*LISTED RECORDS*:
* * * * * * * * *
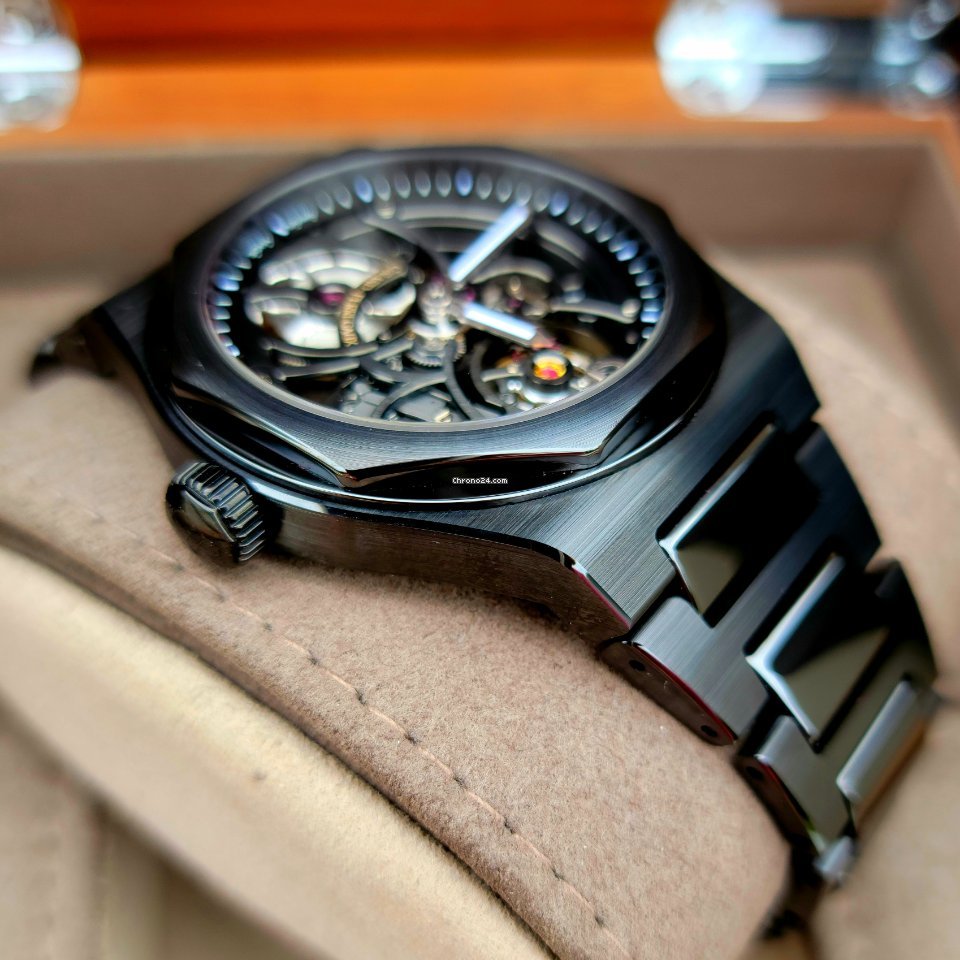 IMG_9081 Girard Perregaux Laureato Mens watch Unisex Automatic Ceramic 81015-32-001-32A Replica 5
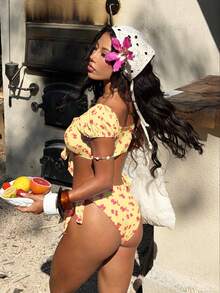 这款可爱女士碎花可调节露背三角比基尼上衣和高衩比基尼泳裤套装，时尚、可爱、性感，适合海滩、游艇派对、度假胜地等夏季穿着。 - 彩色 - 查看 3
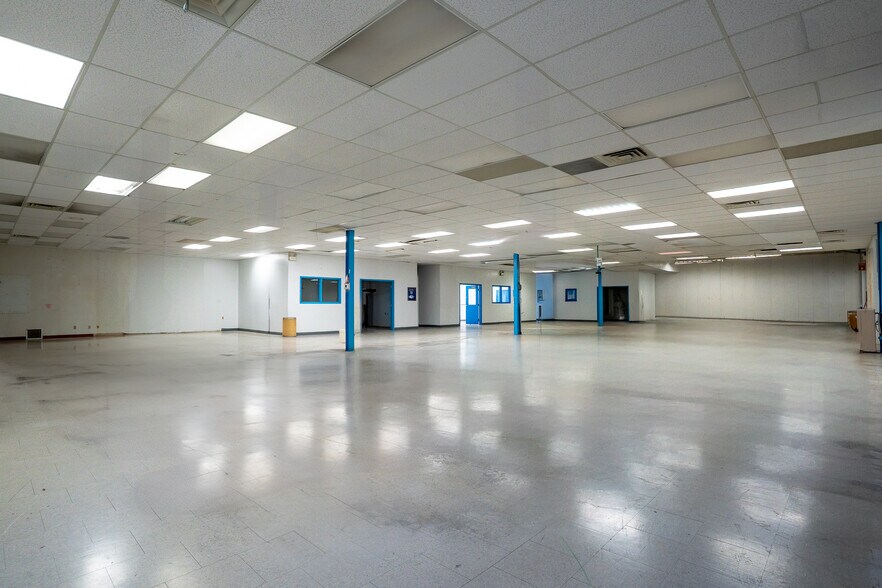 More Photos Of 59 Montclair Dr, Woodstock Warehouse For Sale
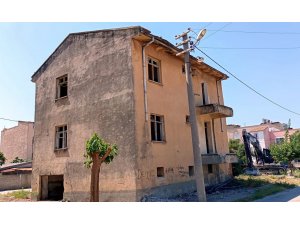 Mersin’de 2 katlı eski binanın yıkımı gerçekleştirildi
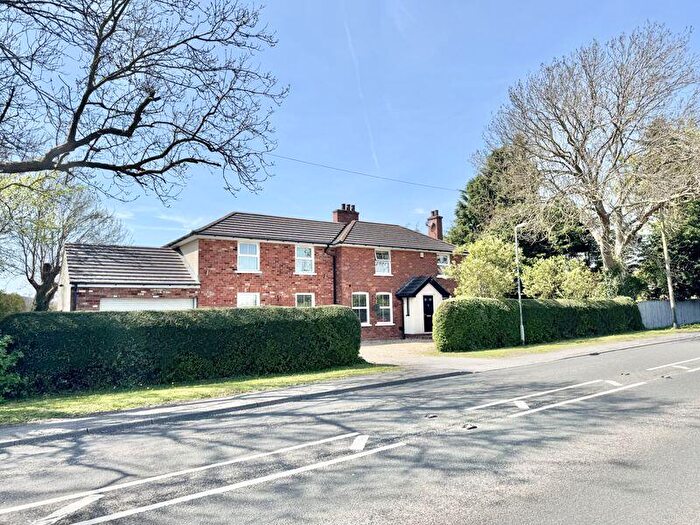 5 Bedroom Detached House For Sale In The Old Police House, Main Road, Utterby, LN11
* * * * * * * * *
*YOUR OBJECTIVE*:
The entries above need an exact copy without their pictures.

*RESPONSE TO THIS EXERCISE*:
 IMG_9081 Girard Perregaux Laureato Mens watch Unisex Automatic Ceramic 81015-32-001-32A Replica 5
 这款可爱女士碎花可调节露背三角比基尼上衣和高衩比基尼泳裤套装，时尚、可爱、性感，适合海滩、游艇派对、度假胜地等夏季穿着。 - 彩色 - 查看 3
 More Photos Of 59 Montclair Dr, Woodstock Warehouse For Sale
 Mersin’de 2 katlı eski binanın yıkımı gerçekleştirildi
 5 Bedroom Detached House For Sale In The Old Police House, Main Road, Utterby, LN11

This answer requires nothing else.